鉴于您如何提出这个问题,没有真正的答案。没有办法做你想做的事。实际的答案是容器包含指针,并且您已经说过由于某些未指定的原因这是不行的。
有些人谈论了可移动的事物以及使用 C++0x,其中容器通常要求其元素可移动,但不要求它们可复制。我认为这也是一个糟糕的解决方案,因为我怀疑互斥体在持有时不应该被移动,这使得实际上不可能移动它们。
因此,唯一真正剩下的答案是指向互斥体。使用
::std::tr1::shared_ptr(在#include中)或::boost::shared_ptr来指向互斥体。这需要更改内部具有互斥体的类的定义,但听起来您无论如何都在这样做。There is no real answer to the question given how you've framed it. There is no way to do what you want. The actual answer is for the container to contain pointers, and you've said that isn't OK for some unspecified reason.
Some have talked about things being movable and using C++0x in which containers often require their elements to be movable, but do not require them to be copyable. I think this is a poor solution as well because I suspect that mutexes should not be moved while they are held, and this makes it effectively impossible to move them.
So, the only real remaining answer is to point at the mutexes. Use
::std::tr1::shared_ptr(in#include <tr1/memory>) or::boost::shared_ptrto point at the mutexes. This requires changing the definitions of the classes that have the mutexes inside them, but it sounds like you're doing that anyway.STL 容器严重依赖于其内容的可复制性,因此要么使它们可复制,要么不将它们放入容器中。
STL containers rely heavily on their contents being copyable, so either make them copyable or do not put them into container.
最好的选择是使用指针或某种类型的在底层使用指针的包装类。这将允许它们被合理地复制,并且实际上执行副本预期执行的操作(共享互斥锁)。
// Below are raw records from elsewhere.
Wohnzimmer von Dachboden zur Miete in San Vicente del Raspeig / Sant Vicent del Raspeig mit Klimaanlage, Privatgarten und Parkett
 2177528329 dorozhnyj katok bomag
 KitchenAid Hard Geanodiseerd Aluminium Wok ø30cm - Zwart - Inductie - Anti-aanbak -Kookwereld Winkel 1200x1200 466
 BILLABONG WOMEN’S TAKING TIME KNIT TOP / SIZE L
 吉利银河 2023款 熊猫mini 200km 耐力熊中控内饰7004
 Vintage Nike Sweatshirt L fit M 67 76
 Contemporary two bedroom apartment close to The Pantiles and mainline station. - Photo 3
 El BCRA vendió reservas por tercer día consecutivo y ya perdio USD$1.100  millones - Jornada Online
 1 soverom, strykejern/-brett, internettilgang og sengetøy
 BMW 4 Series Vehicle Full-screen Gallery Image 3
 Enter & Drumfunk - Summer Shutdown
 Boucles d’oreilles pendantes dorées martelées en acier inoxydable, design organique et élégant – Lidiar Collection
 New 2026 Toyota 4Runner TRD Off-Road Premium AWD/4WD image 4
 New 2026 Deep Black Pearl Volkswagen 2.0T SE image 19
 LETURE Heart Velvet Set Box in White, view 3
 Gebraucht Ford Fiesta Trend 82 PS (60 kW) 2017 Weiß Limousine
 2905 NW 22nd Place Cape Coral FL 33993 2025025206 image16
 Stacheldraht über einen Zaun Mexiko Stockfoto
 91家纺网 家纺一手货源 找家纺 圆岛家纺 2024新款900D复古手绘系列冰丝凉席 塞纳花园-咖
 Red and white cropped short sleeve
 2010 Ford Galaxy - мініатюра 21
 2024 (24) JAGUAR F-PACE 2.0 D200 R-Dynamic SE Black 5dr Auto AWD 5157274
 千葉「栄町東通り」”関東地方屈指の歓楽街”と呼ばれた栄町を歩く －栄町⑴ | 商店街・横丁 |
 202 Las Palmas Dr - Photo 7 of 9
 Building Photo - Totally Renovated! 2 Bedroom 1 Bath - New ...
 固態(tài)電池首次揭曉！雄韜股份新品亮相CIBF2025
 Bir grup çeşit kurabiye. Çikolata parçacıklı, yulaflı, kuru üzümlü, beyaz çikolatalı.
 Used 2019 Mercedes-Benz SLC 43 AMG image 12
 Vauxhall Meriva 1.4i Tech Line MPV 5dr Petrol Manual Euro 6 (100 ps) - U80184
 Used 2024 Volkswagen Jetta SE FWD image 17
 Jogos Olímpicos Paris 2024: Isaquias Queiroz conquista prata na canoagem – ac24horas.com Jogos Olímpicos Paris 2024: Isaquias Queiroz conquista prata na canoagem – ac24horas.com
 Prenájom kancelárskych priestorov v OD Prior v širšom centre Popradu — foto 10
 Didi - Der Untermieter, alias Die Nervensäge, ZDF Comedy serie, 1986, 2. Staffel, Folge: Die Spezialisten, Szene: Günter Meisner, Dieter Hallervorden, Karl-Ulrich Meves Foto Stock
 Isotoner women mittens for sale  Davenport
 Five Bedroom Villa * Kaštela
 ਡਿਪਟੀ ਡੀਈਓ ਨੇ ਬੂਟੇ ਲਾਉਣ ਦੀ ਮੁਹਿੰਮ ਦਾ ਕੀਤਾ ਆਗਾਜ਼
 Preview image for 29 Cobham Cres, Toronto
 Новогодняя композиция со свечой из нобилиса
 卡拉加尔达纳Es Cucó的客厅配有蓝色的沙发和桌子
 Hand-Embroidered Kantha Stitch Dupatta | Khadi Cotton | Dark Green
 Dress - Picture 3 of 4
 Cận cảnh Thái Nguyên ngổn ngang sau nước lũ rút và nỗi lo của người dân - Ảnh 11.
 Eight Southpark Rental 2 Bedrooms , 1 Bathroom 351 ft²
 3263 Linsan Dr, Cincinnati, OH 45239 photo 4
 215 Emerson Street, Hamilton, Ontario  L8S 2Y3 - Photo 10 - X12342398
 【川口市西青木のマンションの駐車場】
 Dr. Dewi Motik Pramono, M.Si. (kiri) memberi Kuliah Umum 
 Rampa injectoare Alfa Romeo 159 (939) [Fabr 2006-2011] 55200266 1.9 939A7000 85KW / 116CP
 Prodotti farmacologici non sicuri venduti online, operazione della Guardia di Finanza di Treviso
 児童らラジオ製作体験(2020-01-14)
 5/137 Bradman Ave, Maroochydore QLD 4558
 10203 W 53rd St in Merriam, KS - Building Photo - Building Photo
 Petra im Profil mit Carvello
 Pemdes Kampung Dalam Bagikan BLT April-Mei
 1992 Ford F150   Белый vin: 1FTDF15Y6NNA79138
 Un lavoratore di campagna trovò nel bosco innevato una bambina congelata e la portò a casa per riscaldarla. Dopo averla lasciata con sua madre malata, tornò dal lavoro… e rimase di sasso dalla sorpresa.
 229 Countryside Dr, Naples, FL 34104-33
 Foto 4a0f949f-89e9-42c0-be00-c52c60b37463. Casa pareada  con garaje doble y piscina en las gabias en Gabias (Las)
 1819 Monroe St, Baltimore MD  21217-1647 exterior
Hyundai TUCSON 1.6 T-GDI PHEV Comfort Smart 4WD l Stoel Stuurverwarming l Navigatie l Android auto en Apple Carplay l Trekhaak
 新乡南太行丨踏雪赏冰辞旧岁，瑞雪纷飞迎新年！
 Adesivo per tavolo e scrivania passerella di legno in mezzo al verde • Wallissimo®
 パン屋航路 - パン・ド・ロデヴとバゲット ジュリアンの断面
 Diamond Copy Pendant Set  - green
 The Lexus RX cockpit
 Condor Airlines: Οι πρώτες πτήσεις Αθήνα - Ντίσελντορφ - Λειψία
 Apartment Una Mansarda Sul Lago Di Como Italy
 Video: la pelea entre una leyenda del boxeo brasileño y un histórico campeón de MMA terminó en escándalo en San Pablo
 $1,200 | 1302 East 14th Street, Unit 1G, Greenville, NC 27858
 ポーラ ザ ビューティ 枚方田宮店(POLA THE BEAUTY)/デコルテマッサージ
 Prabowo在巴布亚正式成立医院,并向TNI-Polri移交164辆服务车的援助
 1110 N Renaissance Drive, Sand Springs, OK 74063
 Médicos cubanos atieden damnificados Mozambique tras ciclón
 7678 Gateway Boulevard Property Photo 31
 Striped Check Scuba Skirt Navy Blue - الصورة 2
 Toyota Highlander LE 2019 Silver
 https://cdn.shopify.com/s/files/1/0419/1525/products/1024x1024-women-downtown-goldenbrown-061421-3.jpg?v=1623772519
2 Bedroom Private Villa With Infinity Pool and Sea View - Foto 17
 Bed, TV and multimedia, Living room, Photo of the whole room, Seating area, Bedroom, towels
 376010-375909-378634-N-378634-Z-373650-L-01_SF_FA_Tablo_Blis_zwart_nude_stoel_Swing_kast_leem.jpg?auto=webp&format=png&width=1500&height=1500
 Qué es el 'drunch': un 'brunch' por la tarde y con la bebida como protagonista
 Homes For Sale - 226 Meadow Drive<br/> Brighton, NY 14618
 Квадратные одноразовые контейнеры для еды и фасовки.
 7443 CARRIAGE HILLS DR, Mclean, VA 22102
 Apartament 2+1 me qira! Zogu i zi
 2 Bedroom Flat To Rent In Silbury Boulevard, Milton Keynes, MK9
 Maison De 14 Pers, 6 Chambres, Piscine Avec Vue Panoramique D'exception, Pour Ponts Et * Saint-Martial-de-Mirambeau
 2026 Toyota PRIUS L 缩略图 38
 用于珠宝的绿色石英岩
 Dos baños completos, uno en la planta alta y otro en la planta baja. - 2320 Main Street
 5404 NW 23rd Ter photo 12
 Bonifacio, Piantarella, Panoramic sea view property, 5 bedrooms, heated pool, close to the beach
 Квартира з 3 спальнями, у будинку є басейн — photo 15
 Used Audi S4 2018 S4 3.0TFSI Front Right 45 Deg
但是,既然你说没有指针,那么还有另一种选择。听起来互斥体“有时是可复制的”,也许您应该编写一个复制构造函数和一个赋值运算符,并在初始化后复制互斥体时让它们抛出异常。缺点是直到运行时才知道你做错了。
The best option is to use pointers or some type of wrapper class that uses pointers under the hood. That would allow these to be sanely copied, and actually do what a copy would be expected to do (share the mutex).
But, since you said no pointers, there is one other option. It sounds like Mutexes are "sometimes copyable" perhaps you should write a copy constructor and an assignment operator and have those throw an exception if a mutex is ever copied after it has been initialized. The down side is there's no way to know you're doing it wrong until runtime.
使用智能指针,如 boost::shared_ptr 或使用其他容器,如 boost::intrusive。两者都需要修改您的代码。
Use smart pointers like boost::shared_ptr or use another containers, like boost::intrusive. Both will require to modify your code, through.